**MATERIAL PROVIDED:**
------------------------------
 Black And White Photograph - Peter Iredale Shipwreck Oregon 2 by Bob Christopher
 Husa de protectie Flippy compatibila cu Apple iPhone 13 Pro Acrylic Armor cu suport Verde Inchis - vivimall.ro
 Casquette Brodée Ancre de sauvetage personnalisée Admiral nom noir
------------------------------
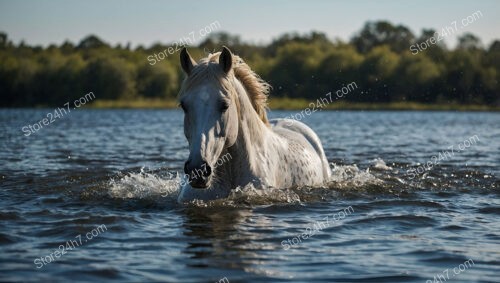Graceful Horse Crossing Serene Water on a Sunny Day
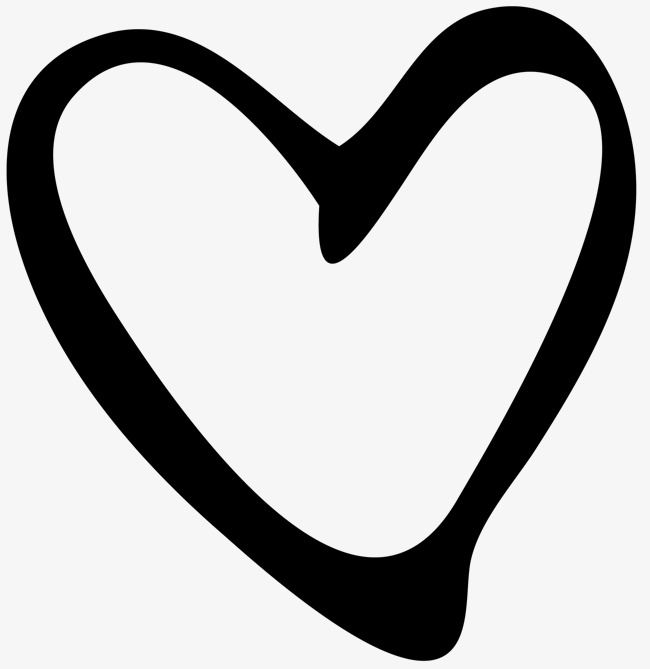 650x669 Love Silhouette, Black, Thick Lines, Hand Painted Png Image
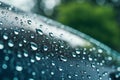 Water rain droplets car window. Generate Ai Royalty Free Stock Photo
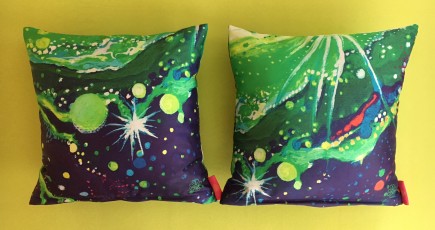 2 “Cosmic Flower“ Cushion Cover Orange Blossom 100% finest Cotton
------------------------------
**WHAT IS BEING ASKED:**
Output exactly the lines of the listing above that start with the one holding "650x669 Love Silhouette, Black, Thick" and go on through the one holding "100% finest Cotton"; leave the pictures out.

**SOLUTION:**
 650x669 Love Silhouette, Black, Thick Lines, Hand Painted Png Image
 Water rain droplets car window. Generate Ai Royalty Free Stock Photo
 2 “Cosmic Flower“ Cushion Cover Orange Blossom 100% finest Cotton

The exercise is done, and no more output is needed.